▶ What to work on
Within the records below, reproduce without change the lines from the line that has "Il cavo d’acciaio" through the line that has "Glandular Swellings &", and only those.

(Crawled caption data)
§ §
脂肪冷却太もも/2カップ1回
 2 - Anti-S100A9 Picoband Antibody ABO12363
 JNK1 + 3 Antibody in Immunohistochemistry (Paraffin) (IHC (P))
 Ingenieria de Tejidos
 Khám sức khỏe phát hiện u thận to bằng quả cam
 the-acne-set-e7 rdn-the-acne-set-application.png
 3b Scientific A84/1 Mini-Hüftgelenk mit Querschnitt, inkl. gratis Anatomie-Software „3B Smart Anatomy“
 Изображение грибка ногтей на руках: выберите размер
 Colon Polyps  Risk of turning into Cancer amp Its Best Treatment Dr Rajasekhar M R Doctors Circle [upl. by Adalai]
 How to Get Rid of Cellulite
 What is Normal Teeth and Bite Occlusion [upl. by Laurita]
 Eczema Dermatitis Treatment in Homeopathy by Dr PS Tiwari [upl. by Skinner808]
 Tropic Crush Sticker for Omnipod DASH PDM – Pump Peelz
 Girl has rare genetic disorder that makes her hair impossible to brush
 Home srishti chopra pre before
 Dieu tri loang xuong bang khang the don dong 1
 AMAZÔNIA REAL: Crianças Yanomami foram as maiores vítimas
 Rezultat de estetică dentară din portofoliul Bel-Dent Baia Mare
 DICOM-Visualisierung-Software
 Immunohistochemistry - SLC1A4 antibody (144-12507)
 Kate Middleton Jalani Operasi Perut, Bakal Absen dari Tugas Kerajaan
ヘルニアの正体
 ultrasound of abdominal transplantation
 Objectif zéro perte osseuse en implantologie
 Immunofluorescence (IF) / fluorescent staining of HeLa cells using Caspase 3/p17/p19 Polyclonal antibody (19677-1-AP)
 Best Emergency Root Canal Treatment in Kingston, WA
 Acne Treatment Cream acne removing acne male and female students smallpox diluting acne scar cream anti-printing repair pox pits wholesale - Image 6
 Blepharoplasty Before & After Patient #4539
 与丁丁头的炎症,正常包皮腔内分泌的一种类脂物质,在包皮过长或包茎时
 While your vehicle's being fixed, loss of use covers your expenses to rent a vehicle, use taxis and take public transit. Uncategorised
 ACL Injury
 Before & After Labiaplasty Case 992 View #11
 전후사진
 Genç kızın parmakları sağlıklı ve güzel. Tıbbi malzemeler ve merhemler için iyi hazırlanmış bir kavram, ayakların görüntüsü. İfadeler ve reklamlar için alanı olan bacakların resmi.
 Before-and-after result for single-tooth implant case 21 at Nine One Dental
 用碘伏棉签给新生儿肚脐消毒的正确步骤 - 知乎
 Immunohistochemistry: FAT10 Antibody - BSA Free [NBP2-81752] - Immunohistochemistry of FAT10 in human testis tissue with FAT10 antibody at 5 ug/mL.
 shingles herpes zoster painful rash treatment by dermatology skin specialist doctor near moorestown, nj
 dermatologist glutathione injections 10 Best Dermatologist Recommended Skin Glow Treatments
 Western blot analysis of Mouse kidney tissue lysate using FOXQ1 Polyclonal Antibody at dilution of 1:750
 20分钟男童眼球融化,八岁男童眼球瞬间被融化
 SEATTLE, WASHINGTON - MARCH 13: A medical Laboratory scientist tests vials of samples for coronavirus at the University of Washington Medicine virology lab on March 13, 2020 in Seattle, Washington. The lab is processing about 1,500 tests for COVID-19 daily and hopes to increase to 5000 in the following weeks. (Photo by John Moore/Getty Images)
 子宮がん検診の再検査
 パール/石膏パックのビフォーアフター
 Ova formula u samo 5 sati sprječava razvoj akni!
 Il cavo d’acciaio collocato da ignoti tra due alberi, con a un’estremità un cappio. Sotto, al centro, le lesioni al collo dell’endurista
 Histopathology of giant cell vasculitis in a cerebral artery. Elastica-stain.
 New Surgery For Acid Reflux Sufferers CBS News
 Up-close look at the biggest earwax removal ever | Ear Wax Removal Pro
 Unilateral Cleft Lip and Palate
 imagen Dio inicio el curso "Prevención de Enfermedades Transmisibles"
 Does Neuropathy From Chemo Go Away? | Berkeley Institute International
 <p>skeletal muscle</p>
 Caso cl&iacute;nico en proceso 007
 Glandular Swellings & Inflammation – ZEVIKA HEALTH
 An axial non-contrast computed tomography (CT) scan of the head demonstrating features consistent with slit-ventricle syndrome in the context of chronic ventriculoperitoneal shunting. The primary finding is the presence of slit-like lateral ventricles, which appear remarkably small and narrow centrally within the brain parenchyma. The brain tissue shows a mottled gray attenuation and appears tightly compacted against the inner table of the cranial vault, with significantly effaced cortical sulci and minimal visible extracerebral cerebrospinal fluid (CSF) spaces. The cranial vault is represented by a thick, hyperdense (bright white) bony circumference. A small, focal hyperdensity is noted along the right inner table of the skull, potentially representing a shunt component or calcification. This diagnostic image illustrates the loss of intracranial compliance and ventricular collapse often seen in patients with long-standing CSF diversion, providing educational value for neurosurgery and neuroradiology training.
§ §
▶ Problem solution
 Il cavo d’acciaio collocato da ignoti tra due alberi, con a un’estremità un cappio. Sotto, al centro, le lesioni al collo dell’endurista
 Histopathology of giant cell vasculitis in a cerebral artery. Elastica-stain.
 New Surgery For Acid Reflux Sufferers CBS News
 Up-close look at the biggest earwax removal ever | Ear Wax Removal Pro
 Unilateral Cleft Lip and Palate
 imagen Dio inicio el curso "Prevención de Enfermedades Transmisibles"
 Does Neuropathy From Chemo Go Away? | Berkeley Institute International
 <p>skeletal muscle</p>
 Caso cl&iacute;nico en proceso 007
 Glandular Swellings & Inflammation – ZEVIKA HEALTH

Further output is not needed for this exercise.